On y est. Le cœur ! Le foot des années 90-début 2000 à Grenoble. Un vrai mix, à l’image du caractère cosmopolite de la ville. Ça se résume vite : De Boli à Bazda ! En passant par la couverture de FIFA 98 sur Play 1 avec Ginola, le penalty de Baggio, la Lazio de la « Cirio » « la coupe à la Nesta », le Parme de « Parmalat », la Sampdoria de Boskov, Grenoble c’est le Calcio. Veron, Batistuta, Balbo et Ortega…
Grenoble c’est l’Argentine. Hadji, Chippo, Bassir, cette génération volée… De La Pena à l’OM, Zizou contre le Betis Séville, Zizou contre La Corogne, Zizou contre le Brésil, Zizou contre le Brésil… Que des couleurs chaudes. Comme le dernier design d’un parasol, d’une tonnelle de marché ou d’une boîte de “Mr Freeze”… Quel brassage ! Le maillot dorée « Ericsson » de l’OM. Bon d’accord, Grenoble c’est aussi beaucoup Marseille. Même Sychev et Olembé oui. Et forcément, Ravanelli. Boksic ? Alors aussi Suker et Boban, et oui Grenoble c’est aussi la Yougoslavie. Le vrai Marakana. On conclu comme on a lancé : De Basile Boli à Bazda.
Enfin, l’espoir est le sentiment qui se dégage le plus de cette banderole. Le foot de demain à Grenoble, on peut mais surtout on doit le rêver. En respectant cet ADN. Alors comme ça, entre nous, on se met à imaginer un attaquant argentin, pas un premier de la classe évidemment mais un vieux briscard qui aurait de beaux restes, un genre de Juan Martin Palermo, ou Sosa « El Pampa » de la Serie C à la Serie A avec Naples. Ou un coup à la German Denis « El Tanque » qui avait signé en Calabre, à la Reggina en Serie C. Ou encore un renard italien qui connaît le métier, Pazzini, Quagliarella… Carlos Bacca en fin de
carrière ? Un nouveau challenge pour Aulas qui voudrait tenter sa version de “Berlusconi-Monza”?

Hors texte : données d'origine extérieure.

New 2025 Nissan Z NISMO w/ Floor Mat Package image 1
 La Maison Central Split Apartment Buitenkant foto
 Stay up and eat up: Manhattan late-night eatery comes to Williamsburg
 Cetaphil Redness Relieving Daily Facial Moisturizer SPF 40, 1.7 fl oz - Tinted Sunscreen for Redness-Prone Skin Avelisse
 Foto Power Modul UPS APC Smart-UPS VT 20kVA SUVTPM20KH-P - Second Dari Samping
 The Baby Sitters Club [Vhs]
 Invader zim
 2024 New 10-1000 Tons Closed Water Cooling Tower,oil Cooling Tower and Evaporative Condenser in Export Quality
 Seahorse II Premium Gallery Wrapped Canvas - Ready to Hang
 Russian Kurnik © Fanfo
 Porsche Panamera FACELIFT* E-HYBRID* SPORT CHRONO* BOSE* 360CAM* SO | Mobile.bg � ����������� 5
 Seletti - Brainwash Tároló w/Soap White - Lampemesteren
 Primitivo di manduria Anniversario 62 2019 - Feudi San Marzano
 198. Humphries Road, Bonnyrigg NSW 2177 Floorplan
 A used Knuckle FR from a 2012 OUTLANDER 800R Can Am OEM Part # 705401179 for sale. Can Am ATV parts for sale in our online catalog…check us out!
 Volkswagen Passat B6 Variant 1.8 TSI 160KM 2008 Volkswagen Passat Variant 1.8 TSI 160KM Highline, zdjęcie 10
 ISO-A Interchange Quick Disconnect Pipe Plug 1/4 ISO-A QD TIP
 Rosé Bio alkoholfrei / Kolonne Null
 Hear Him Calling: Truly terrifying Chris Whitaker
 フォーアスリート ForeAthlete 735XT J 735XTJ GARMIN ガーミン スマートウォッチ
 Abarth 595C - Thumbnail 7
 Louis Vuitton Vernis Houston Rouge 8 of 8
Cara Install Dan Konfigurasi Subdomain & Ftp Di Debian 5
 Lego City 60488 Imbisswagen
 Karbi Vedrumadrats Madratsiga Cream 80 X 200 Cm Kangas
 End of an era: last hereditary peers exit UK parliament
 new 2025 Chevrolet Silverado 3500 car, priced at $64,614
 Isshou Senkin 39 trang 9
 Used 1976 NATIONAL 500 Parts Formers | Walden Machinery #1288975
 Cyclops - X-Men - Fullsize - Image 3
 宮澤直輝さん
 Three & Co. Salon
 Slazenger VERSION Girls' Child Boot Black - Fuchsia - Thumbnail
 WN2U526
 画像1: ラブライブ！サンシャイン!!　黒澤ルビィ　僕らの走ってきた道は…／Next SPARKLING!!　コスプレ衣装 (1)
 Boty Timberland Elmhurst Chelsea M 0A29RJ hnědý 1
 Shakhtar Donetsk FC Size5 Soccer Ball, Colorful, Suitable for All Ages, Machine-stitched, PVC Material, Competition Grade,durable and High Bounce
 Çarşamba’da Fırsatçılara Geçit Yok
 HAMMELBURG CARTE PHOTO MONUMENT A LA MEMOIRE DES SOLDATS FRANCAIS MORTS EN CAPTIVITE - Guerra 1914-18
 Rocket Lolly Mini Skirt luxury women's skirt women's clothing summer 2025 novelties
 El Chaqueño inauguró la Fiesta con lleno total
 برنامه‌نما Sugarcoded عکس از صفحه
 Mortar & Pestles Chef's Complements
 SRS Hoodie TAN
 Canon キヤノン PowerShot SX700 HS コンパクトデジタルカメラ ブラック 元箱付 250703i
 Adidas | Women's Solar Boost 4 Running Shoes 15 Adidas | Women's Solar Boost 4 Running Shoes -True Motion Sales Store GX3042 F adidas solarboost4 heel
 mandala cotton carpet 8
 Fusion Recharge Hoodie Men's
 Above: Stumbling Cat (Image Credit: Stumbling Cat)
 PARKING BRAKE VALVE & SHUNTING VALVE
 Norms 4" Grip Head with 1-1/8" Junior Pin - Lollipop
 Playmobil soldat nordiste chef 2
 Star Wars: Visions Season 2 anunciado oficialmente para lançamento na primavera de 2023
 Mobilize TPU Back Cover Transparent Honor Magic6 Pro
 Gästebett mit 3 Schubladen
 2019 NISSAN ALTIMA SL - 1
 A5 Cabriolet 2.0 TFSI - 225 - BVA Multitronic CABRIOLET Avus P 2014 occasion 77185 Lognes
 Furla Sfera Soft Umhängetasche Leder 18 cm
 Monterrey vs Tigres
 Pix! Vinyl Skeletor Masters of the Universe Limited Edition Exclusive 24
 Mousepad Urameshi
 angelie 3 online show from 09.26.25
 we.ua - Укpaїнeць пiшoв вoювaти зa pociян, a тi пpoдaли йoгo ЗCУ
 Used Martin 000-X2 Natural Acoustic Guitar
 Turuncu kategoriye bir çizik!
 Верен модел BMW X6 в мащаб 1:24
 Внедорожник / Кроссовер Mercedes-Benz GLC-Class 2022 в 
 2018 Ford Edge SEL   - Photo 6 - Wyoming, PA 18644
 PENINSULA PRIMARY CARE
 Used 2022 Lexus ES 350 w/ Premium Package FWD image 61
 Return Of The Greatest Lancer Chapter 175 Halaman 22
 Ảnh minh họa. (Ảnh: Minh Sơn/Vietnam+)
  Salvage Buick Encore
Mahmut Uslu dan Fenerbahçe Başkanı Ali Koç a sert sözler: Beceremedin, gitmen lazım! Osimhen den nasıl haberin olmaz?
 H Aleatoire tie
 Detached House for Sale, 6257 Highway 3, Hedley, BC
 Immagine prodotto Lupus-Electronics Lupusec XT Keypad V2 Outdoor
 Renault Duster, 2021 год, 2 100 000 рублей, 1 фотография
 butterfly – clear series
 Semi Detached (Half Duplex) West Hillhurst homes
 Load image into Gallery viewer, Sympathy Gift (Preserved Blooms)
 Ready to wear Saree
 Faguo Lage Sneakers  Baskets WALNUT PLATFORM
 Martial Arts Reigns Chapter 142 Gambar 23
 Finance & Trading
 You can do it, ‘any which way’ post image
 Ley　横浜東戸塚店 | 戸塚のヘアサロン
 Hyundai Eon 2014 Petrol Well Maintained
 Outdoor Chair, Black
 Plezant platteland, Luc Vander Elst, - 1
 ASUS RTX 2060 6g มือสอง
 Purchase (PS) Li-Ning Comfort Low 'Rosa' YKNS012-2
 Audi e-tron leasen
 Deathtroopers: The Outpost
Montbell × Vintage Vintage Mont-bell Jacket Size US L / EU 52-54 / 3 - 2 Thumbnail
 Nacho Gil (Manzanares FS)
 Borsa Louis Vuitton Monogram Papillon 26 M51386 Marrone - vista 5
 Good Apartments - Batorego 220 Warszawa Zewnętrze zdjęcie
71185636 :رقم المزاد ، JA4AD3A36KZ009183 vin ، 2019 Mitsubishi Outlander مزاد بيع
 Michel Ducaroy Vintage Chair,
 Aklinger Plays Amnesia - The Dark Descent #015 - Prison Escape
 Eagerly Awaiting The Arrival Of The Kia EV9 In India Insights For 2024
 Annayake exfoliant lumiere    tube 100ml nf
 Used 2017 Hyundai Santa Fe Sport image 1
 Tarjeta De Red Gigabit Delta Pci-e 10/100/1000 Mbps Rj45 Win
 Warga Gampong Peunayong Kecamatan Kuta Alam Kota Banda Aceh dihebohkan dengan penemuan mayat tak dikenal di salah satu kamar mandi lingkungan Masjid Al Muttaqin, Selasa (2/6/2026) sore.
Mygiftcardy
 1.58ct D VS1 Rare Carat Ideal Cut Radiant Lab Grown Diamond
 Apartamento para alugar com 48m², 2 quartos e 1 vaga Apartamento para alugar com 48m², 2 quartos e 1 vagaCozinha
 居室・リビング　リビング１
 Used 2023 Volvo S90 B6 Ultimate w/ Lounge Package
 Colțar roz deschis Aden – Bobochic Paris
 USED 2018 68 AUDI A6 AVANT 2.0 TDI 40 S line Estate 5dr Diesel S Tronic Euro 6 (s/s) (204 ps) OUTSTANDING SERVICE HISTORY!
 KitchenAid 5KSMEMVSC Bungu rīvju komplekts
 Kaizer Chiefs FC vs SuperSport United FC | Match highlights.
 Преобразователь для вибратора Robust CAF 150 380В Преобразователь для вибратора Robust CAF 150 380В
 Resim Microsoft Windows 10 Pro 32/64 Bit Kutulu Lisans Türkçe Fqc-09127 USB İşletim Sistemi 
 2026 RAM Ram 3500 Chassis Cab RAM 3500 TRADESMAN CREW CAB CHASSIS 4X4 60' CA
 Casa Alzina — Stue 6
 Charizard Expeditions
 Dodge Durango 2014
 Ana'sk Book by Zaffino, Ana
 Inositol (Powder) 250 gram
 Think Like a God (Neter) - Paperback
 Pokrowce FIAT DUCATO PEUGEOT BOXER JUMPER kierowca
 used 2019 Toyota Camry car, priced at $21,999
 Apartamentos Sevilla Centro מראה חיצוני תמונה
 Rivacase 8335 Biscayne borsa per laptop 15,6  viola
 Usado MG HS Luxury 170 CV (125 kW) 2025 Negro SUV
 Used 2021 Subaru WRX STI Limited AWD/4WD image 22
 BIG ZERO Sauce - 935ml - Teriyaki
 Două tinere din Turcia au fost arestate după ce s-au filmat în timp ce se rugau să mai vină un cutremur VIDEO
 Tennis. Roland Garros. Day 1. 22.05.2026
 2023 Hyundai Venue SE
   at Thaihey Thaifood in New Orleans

Avec tout ça une montée en Ligue 1, quelques fonds et le coup de l’été avec la nomination d’un jeune coach argentin, Almeyda, Aimar, Crespo, Gallardo, Heinze ? Et un cadeau de Noël avec Higuain pour 6 mois, présenté au stade des Alpes en TN bleu ciel, jeans 501 et doudoune à fourrure Rivaldi, qui lancerait ses premiers mots en français, que dis-je en français, en grenoblois: “Grenoble c’est trop tchukar, Grenoble c’est l’Argentine”.